Machine learning model for the prediction of hail in Germany
Hailstorms present significant risks in Germany (Figure 1), causing substantial economic damage and necessitating accurate forecasts for timely warnings. In this study IMKTRO scientists from the research groups “Atmospheric Risks”, “Atmospheric Dynamics” and “Meteorological Data Science” investigate the potential of machine learning, more specifically convolutional neural networks (CNNs), in predicting the daily hail-affected area in Germany originally identified from radar data for the period 2005 to 2019.

The study initially evaluates 18 thermodynamic and dynamic convection-related parameters as potential predictors for the hail-affected area which are derived from the ERA5 reanalysis data set. Through feature selection techniques seven key predictors are identified. Among these, a parameter including information regarding the energy available to convection and the vertical wind shear (CAPESHEAR) emerges as the most influential factor for hail prediction (Figure 2). “The machine learning model is evaluated against traditional climatology- and persistence-based forecasts, demonstrating superior performance particularly for large hail events” says Siyu Li, lead author of the study.

To explore the model’s decision-making process for its prediction, a method rooted in methods of explainable AI is applied. The results underscore the dominant role of CAPESHEAR in influencing predictions. However, the model exhibits reduced skill in scenarios where CAPESHEAR values are comparably low or when hailstorms occur in isolated events.

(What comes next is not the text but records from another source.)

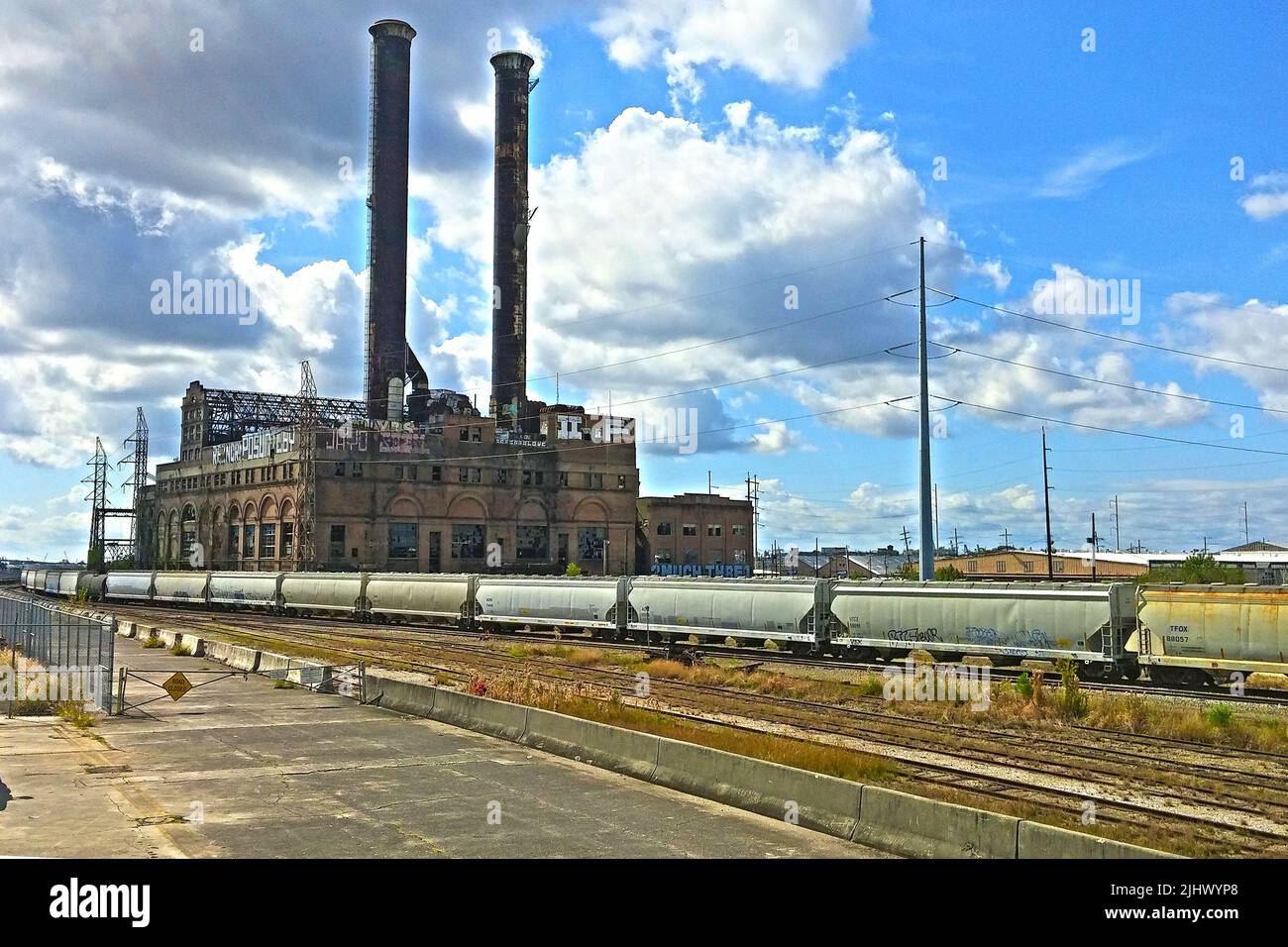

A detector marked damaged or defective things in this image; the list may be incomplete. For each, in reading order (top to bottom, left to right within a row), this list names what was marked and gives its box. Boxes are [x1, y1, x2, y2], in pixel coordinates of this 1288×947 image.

rusty metal framework [198, 384, 365, 448]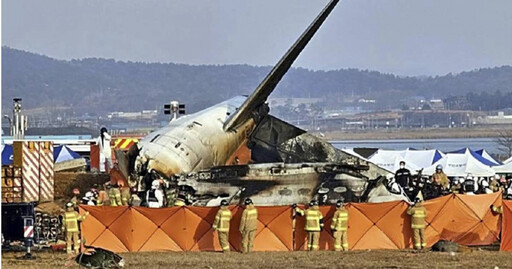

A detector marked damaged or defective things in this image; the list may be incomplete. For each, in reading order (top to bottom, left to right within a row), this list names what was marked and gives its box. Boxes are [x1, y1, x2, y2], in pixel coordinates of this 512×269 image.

crashed aircraft [117, 0, 396, 205]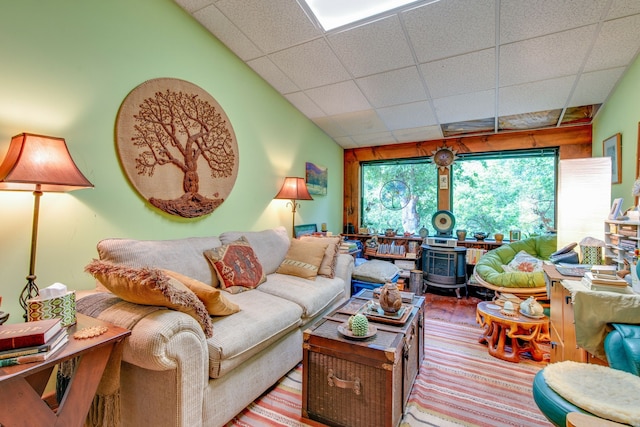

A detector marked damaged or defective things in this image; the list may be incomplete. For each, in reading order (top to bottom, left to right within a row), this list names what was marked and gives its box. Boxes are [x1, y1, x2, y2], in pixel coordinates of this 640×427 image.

rust patterned pillow [205, 237, 264, 290]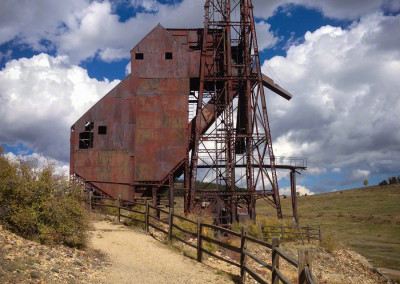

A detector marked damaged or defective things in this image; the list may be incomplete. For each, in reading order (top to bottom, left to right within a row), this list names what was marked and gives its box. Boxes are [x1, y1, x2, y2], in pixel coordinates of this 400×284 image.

rusty metal building [71, 1, 306, 225]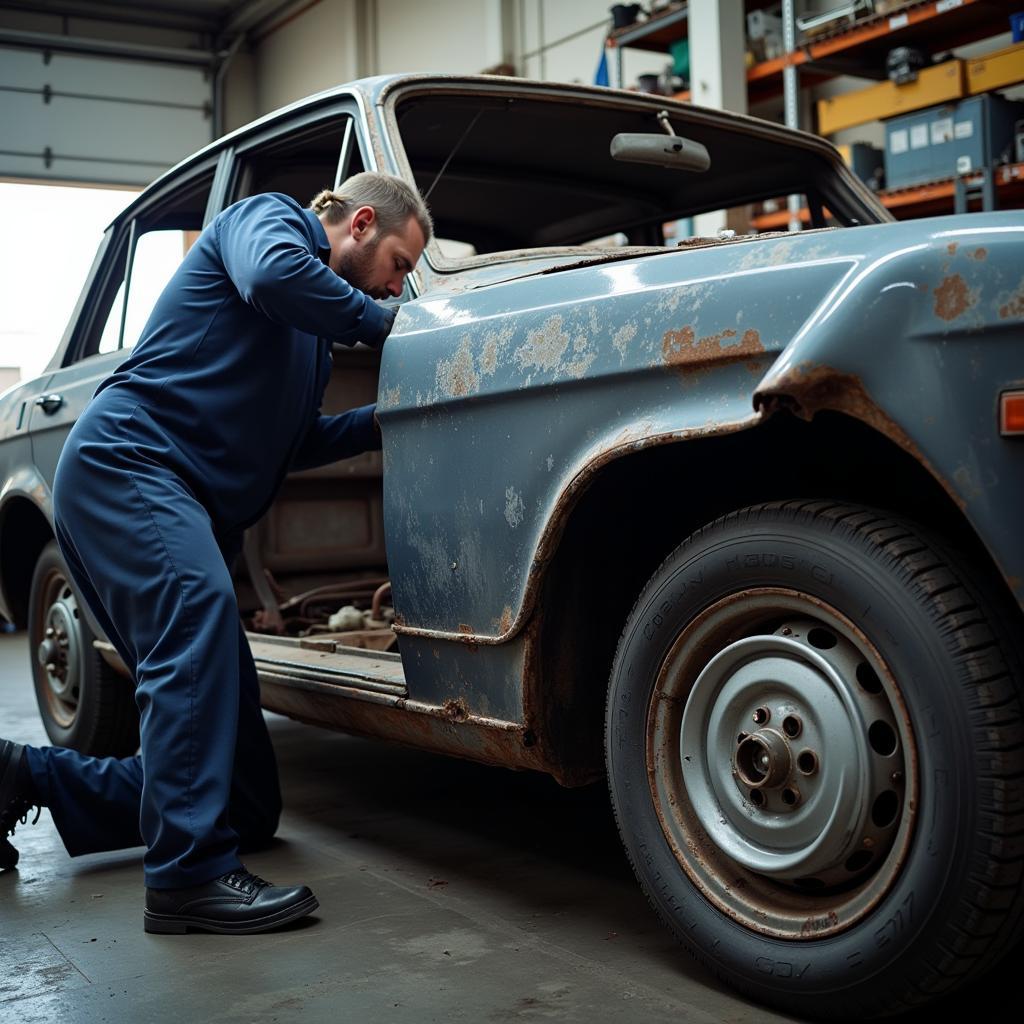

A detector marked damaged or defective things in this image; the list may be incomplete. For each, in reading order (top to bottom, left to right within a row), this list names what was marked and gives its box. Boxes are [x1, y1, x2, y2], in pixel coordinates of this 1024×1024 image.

rusted fender [376, 228, 856, 643]
rust patch on fender [659, 325, 765, 370]
rusted fender [753, 210, 1024, 602]
rust patch on fender [937, 274, 974, 321]
rusty wheel hub [643, 593, 917, 937]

These findings suggest that while the CNN approach provides a significant improvement over traditional methods, additional regional refinements and severity classifications could further enhance predictive capability.

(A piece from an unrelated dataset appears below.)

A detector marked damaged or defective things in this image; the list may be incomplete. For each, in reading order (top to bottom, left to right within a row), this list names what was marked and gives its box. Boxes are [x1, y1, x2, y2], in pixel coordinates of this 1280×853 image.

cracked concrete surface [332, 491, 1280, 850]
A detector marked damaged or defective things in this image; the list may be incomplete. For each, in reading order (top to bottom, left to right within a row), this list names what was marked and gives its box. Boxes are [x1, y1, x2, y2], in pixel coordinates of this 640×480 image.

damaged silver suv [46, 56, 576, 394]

“One of the key advantages of this ML-based approach is its computational efficiency, making it a promising candidate for operational forecasting applications”, states Siyu Li. “Future research directions could include refining regional perspectives and integrating severity metrics to enhance the model’s applicability in real-world forecasting scenarios.”
This research highlights the potential of machine learning techniques in meteorology and showcases how AI can contribute to improving predictions and understanding of weather hazards. By harnessing environmental convective parameters, this method represents a step forward in providing more accurate and timely hailstorm forecasts.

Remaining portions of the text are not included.